WASHINGTON — A potential government shutdown hurtling ever closer, the Democratic-led Senate moved today toward passing legislation keeping the government open, but disputes with and among Republicans ensured that the fight likely would spill into the weekend and possibly longer.
The result: a high-stakes showdown playing out in a climate of chaos, infighting and unpredictability that is extraordinary even by congressional standards. Reflecting the building drama, Senate Chaplain Barry Black opened today’s session with a prayer that included, “Lord, deliver us from governing by crisis.”
With the current budget year ending Monday and at least a partial shutdown threatened in the absence of legislation, the Senate was poised for critical votes later today. Lawmakers were expected to pass the legislation after derailing a conservative effort to block the bill, and after removing House-approved language that would have stripped funding from President Barack Obama’s health care law.
Passage would bounce the legislation back to the House, where GOP leaders already have declared the pared-down Senate bill insufficient. But top House Republicans, unable to corral enough votes for an alternative due to rebellious conservatives, were mum about their next move and planned no votes on the budget bill until the weekend at least.
As the Senate debated the bill, Iowa’s Tom Harkin criticized conservatives for “throwing a temper tantrum” and risking a government shutdown because they dislike Obamacare. The veteran Democrat said their ideology-driven behavior was “every bit as dangerous as the breakup of the Union before the Civil War.”

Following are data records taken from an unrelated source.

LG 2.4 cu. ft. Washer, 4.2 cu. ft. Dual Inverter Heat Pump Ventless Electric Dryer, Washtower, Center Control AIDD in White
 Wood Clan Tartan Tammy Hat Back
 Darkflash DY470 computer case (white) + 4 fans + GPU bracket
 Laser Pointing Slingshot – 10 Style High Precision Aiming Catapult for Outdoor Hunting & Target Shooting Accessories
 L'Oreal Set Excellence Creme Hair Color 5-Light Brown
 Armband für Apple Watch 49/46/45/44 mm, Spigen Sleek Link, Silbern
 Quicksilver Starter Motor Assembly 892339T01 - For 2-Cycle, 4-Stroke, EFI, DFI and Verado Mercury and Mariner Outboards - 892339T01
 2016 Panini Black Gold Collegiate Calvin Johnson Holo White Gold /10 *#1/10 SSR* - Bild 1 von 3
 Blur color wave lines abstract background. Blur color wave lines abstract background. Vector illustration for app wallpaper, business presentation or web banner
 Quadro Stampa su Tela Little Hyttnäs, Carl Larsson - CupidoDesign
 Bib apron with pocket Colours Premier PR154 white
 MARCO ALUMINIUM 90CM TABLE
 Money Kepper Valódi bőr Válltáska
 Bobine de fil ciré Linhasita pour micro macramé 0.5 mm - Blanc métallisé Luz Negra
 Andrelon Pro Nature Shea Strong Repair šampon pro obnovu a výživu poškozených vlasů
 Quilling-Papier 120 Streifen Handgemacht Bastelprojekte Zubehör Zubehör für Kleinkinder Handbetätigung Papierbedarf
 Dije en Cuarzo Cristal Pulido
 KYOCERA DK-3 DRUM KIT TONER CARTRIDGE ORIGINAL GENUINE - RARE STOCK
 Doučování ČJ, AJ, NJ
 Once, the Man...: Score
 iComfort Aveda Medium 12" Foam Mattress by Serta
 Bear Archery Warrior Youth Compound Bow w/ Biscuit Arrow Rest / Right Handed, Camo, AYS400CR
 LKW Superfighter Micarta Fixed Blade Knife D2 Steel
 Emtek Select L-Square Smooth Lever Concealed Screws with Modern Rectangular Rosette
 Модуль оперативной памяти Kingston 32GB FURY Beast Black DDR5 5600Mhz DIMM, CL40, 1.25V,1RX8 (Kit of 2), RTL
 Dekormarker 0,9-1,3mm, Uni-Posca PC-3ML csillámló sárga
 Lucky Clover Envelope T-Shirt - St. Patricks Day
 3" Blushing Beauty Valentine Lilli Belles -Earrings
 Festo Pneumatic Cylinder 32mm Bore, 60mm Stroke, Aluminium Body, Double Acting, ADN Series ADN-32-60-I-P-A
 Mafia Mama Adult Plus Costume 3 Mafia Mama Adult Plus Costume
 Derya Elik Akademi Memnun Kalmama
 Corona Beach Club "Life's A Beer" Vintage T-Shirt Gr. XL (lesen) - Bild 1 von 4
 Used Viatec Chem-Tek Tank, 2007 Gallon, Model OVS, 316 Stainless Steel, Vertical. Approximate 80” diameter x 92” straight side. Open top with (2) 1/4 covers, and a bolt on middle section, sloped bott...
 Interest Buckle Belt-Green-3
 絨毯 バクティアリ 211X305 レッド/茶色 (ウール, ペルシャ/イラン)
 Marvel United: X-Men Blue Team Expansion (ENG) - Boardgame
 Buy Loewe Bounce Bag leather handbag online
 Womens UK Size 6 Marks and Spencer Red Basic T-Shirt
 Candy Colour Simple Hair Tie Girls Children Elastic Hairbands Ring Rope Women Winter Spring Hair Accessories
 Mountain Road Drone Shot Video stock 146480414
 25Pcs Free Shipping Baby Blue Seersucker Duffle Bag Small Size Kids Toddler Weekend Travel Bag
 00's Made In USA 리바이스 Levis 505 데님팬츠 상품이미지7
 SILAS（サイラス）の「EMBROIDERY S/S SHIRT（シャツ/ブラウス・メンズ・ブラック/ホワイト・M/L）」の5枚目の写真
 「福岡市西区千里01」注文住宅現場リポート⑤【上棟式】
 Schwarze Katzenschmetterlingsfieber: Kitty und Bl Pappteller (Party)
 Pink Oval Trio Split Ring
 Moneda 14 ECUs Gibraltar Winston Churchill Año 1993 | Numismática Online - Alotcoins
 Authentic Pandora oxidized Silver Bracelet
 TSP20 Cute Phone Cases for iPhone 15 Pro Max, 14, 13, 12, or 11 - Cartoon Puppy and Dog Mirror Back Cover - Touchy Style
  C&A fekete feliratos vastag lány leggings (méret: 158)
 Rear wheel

Led by first-term GOP Sens. Ted Cruz of Texas and Mike Lee of Utah, a small band of Senate conservatives has wanted to block the shutdown bill. They argue such a move would prevent Democrats from removing the language that defunds Obamacare and would force them to negotiate on reining in the wide-reaching health care law, even though such a scenario sets up the risk of at least a partial government shutdown next Tuesday. “It’s about showing people we’re going to do what we say we’re going to,” Lee told colleagues, “even when, especially when, it’s inconvenient.” But the conservatives have run into opposition from many in their own party.